سُورَةُ الوَاقِعَةِ · Meccan · Verse 70 of 96

لَوْ نَشَآءُ جَعَلْنَٰهُ أُجَاجًۭا فَلَوْلَا تَشْكُرُونَ

English: If We wanted, We could make it bitter: will you not be thankful?

Bengali: আমি ইচ্ছা করলে তাকে লোনা করে দিতে পারি, অতঃপর তোমরা কেন কৃতজ্ঞতা প্রকাশ কর না?

Meaning & Reflection

'If We willed, We could make it bitter salt — so why are you not grateful?' Ibn Ashur and al-Saadi note the razor-thin mercy: the very same water, by one adjustment, could be undrinkable brine — and the fact that it is *sweet* enough to sustain me is a deliberate, ongoing kindness, sealed with the direct question, 'why not thank?' Ask yourself: I never thank God that my water is drinkable, because I cannot imagine it otherwise — yet the oceans are full of water I cannot drink. The line between the sweet water that keeps me alive and the salt that would kill me is held by Him alone. This verse asks the simplest, most searching thing: given that the drinkability of water is a daily mercy, 'falawla tashkurun' — why not thank? What overlooked, life-sustaining ordinariness have I never once said 'thank You' for?
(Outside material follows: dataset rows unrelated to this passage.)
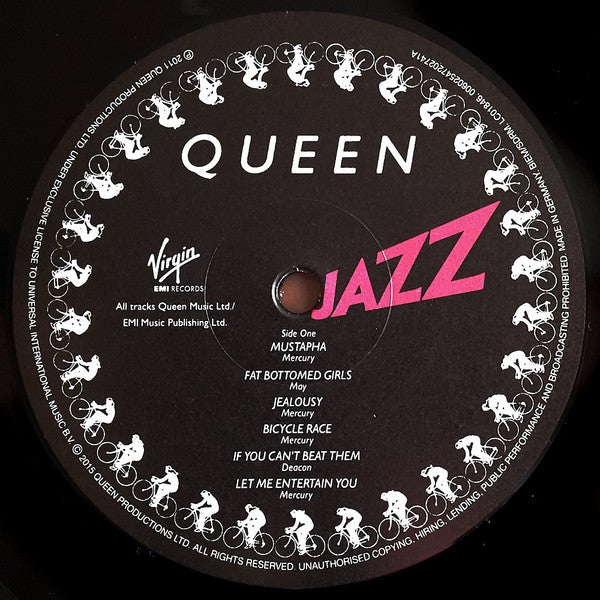 Queen : Jazz (LP,Album,Reissue,Remastered)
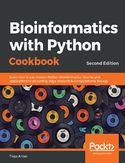 Ebook Bioinformatics with Python Cookbook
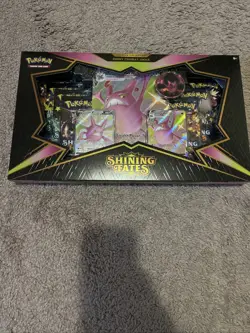 Pokemon Shining Fates Shiny Crobat VMAX Premium Collection Box - Brand New - Image 1
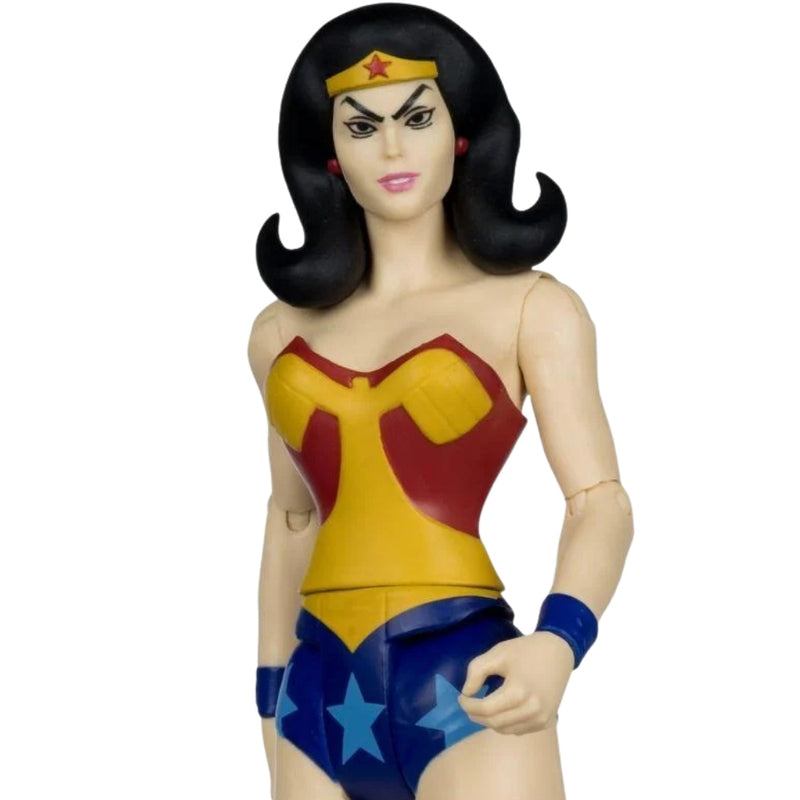 DC RETRO 6 tommer WV16 - SUPER FRIENDS - WONDER WOMAN (CHASE)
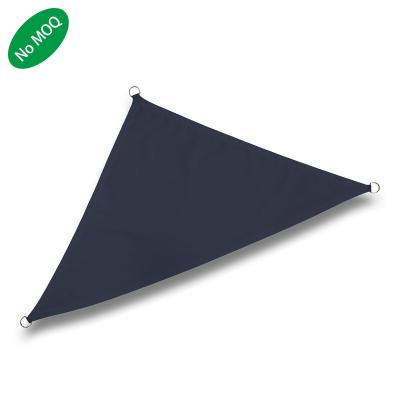 China Eco-friendly Good Triangle Sun Shade Sail Canopy Sun Sail Shades For Outdoor Patio for sale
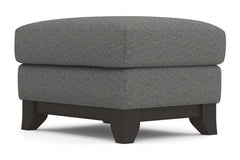 Marco Ottoman :: Leg Finish: Espresso / Size: 23x30
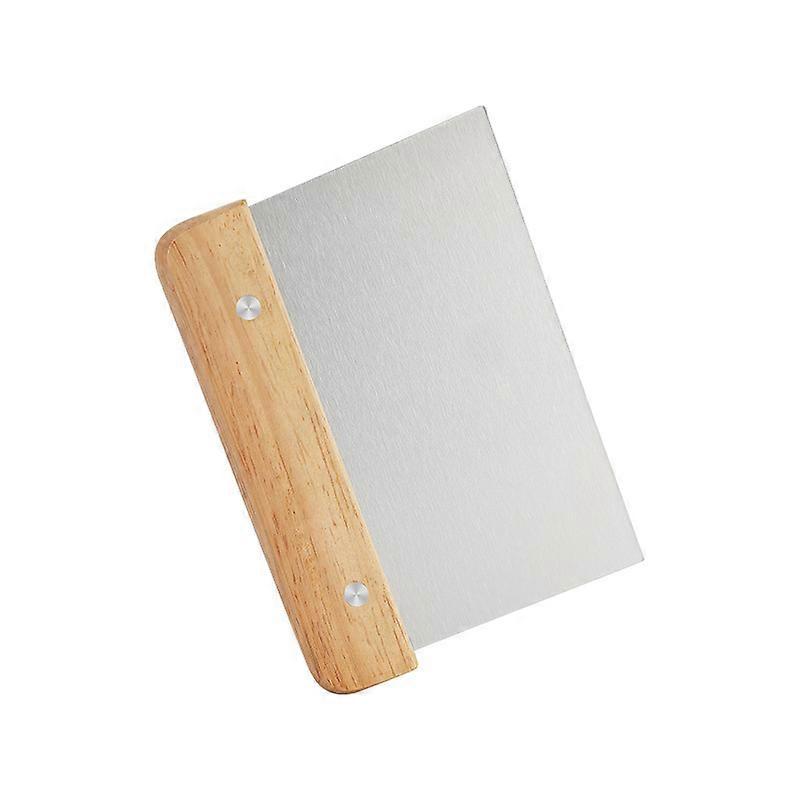 Winware rustfritt stål deigskrape med tre håndtak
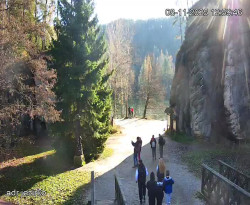 Vstup do skal, Pískovna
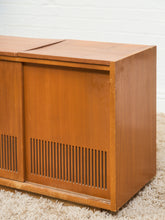 Load image into Gallery viewer, Stereo console TV Nostalgia Cabinet
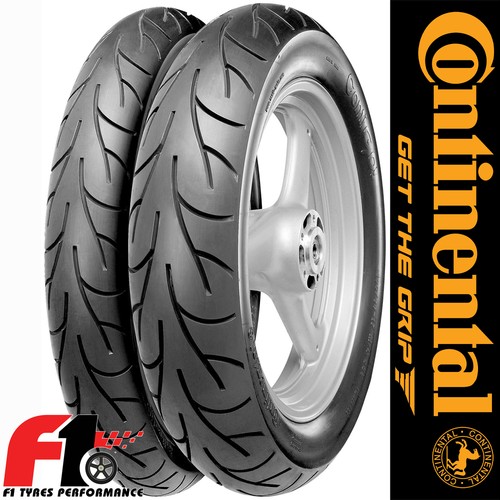 Coppia gomme moto - coppia, continental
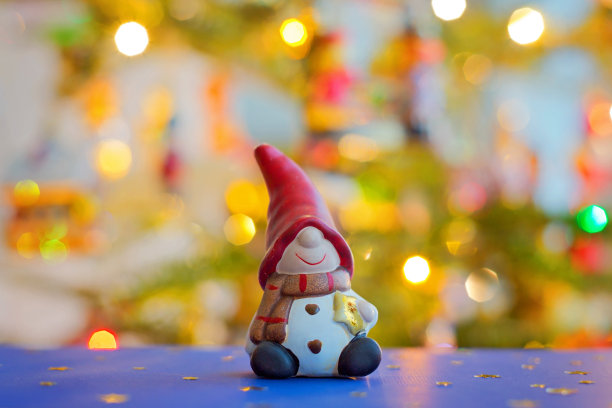 瑞典Tomte -圣诞装饰圣诞老人图片下载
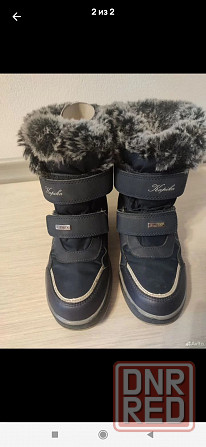 Сапоги на девочку Донецк - изображение 1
Grounded in classical tafsir: Ibn Ashur, al-Saadi, al-Biqa'i.

Reflect with the Five Lenses

Maani's framework for Tadabbur (heart-centred reflection) on Surah Al-Waaqia 56:70:

  • Wording. Look closely at the specific words and structure. Which word stands out, and why might Allah have chosen it here?
  • Quranic Worlds. Place the verse in its context — what is happening around it, and what world does it open up?
  • Personal Experience. Ask not just what this means, but what it means TO me and FOR me, right now in my life.
  • Connections. How does this verse connect to other verses, to the Sunnah, or to themes across the Quran?
  • General Lessons. What timeless lesson or action point can I carry away and live by?